Florida focus and fleet strategy
Spirit’s network strategy is leaning more heavily toward Florida:
- The airline says it will grow to 100 peak daily departures from Fort Lauderdale in 2026.
- It plans new service to Key West, Belize, and Grand Cayman.
Doubling down on leisure routes with steady demand helps a cash-strapped carrier because Florida markets often allow quick turns and short-haul flights that maximize aircraft usage across a smaller fleet.
Financial background and operational challenges
Spirit entered Chapter 11 bankruptcy again in August 2025, citing heavy debt, rising competition, and operational issues tied to Pratt & Whitney engine problems. Consequences include:
- Some aircraft grounded or delayed returning to service
- Lease terminations complicating fleet planning
- A restructuring plan aimed to shrink losses, pay key creditors, and preserve flights in core markets
The carrier’s approach emphasizes operational reliability and cash flow over maintaining a broad route map.
What travelers should know
For passengers holding affected tickets:
- Spirit says it is contacting passengers directly and will offer refunds or rebooking where possible.
- Under U.S. federal rules, customers are entitled to a refund when an airline cancels a flight and the passenger chooses not to travel.
The U.S. Department of Transportation explains these protections on its refund guidance page, which can help travelers confirm their rights and next steps here.
Important: As airport exits spread, more passengers are likely to seek refunds—especially on routes where alternatives are scarce or more expensive.
Local economic impacts and replacement efforts
The effect on local fares and connectivity will vary by city:
- In Phoenix and St. Louis, large carriers and Southwest provide many options, so fares may hold steady.
- In Rochester and Milwaukee, Spirit’s exit could reduce price pressure, potentially nudging average fares higher until replacement services appear.
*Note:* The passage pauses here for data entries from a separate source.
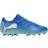 Puma Jr Future 7 Play MG - Hyperlink Blue/Mint/White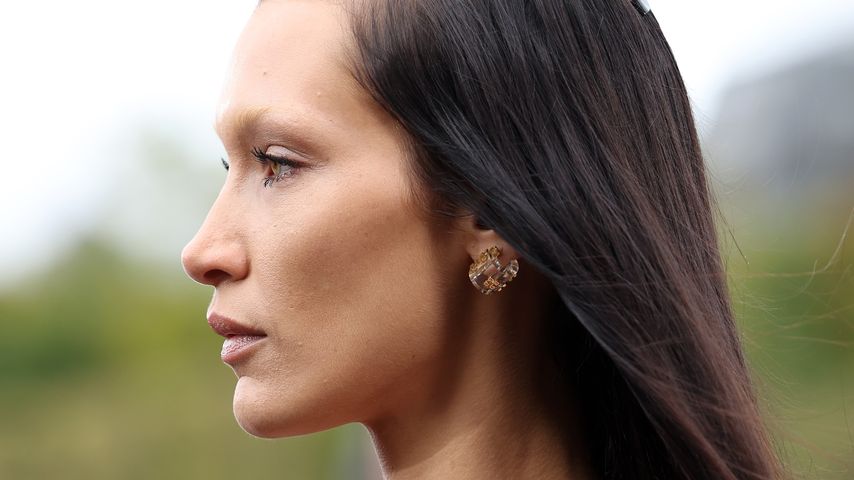 Bella Hadid, Model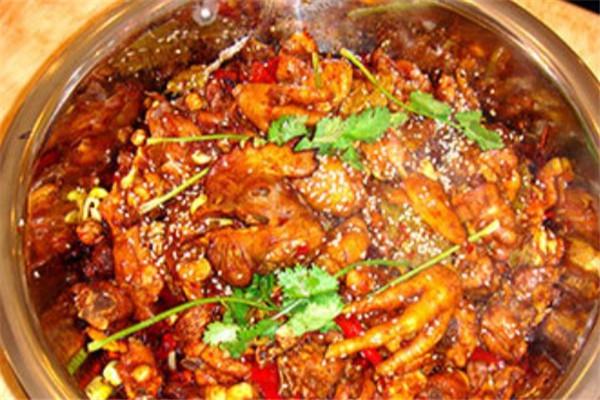 好婆婆烧鸡公产品 门店图片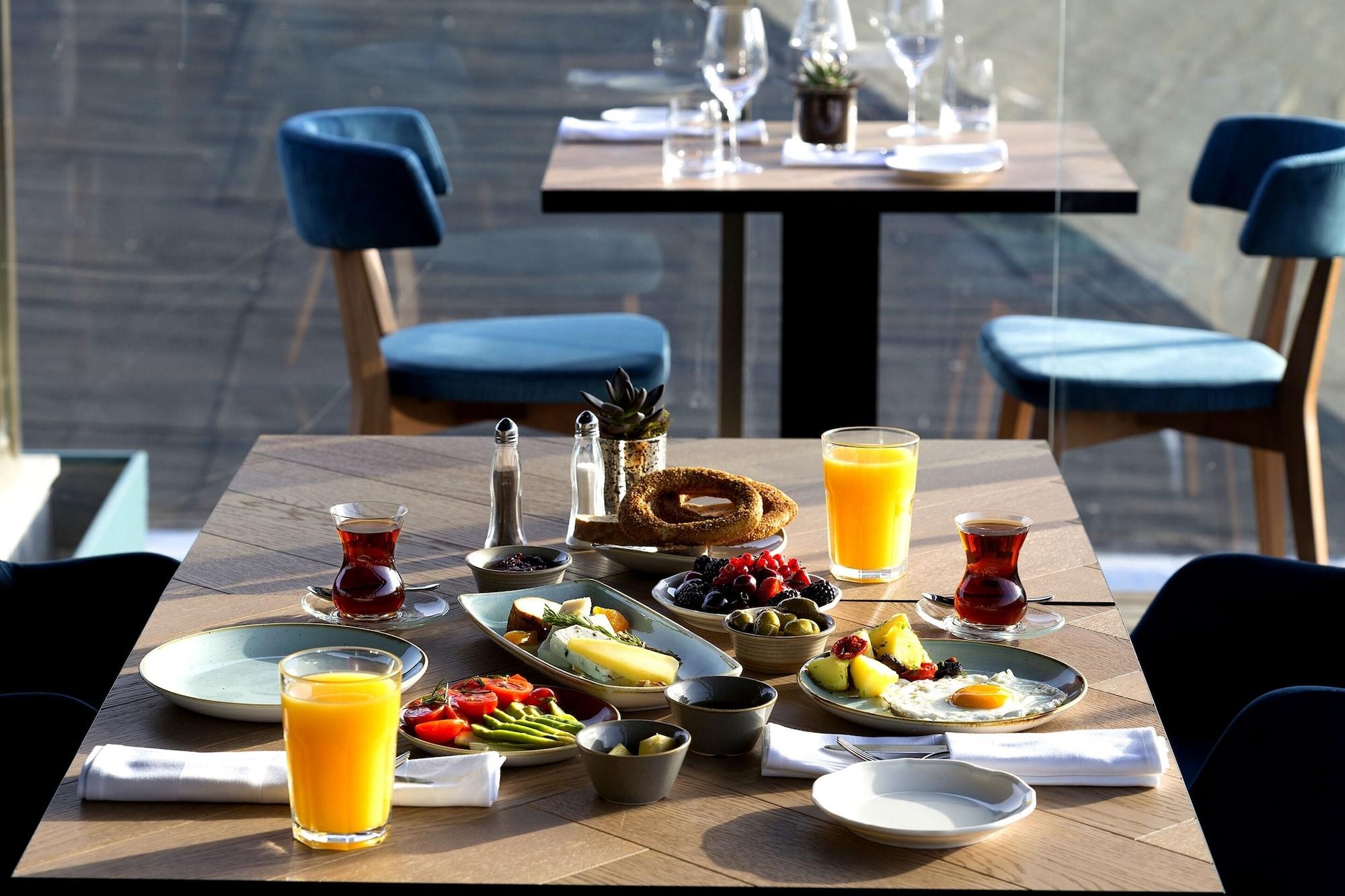 Restaurant Walton Hotels Galata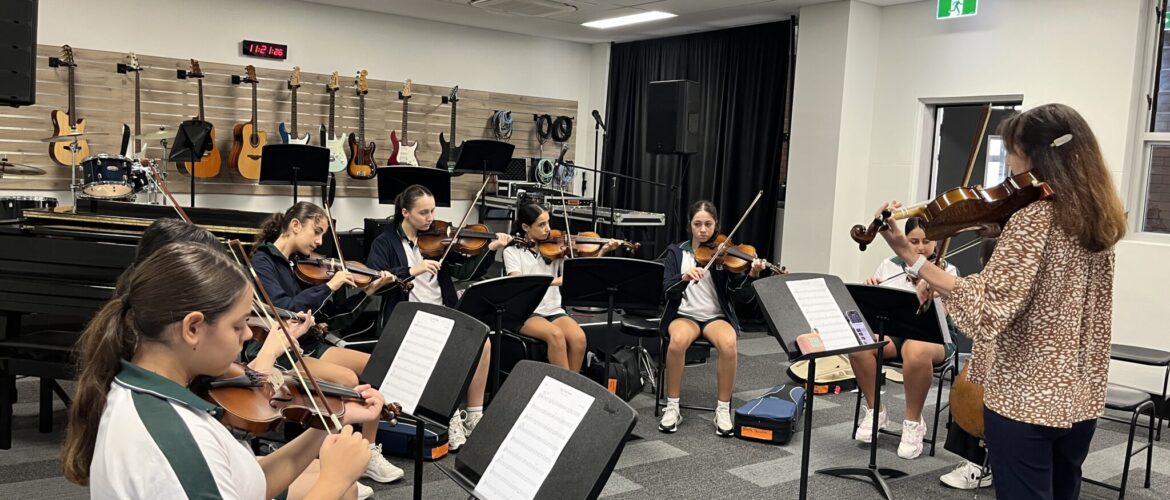 Amadeus Music Program – A Fantastic Start to 2026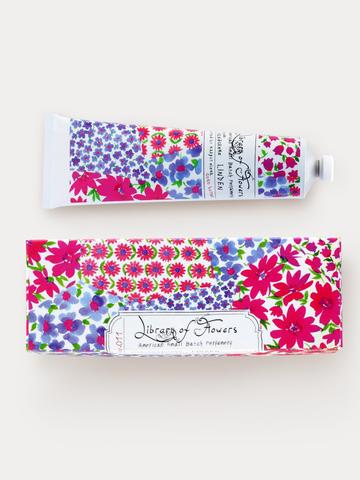 Library of Flowers Handcreme ~ 5 Scents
- Ending the Bucaramanga link affects visiting family members, students, and small business owners—forcing connections through Bogotá, Medellín, or Panama City, which adds time and cost.
Airport officials in affected cities will likely court replacement capacity using incentives such as:
- Fee waivers
- Marketing support
- Schedule coordination
Legacy carriers may add frequency when they see enough premium or loyalty demand, but they often avoid pure price battles.
Near-term outlook
Customers can expect continued schedule tweaks as Spirit navigates bankruptcy proceedings. The airline has signaled that Fort Lauderdale will remain its center of gravity; stabilizing there could allow Spirit to revisit some secondary markets later.
For now, the operating pattern is clear: protect the strongest routes and exit the rest. For Milwaukee and the other cities on the latest list, the countdown to January 2026 is now underway.
This Article in a Nutshell
Spirit Airlines is further trimming its network amid a second Chapter 11 bankruptcy, ending service to Milwaukee, Phoenix, Rochester and St. Louis on January 8, 2026, and Bucaramanga on January 13, 2026. The carrier has cut about 25% of its schedule, suspended roughly 40 routes, and notified around 1,800 flight attendants of furloughs effective December 1, 2025. Spirit is concentrating growth in Florida—targeting 100 peak daily departures from Fort Lauderdale in 2026—while competitors plan to fill gaps and affected passengers are being offered refunds or rebooking.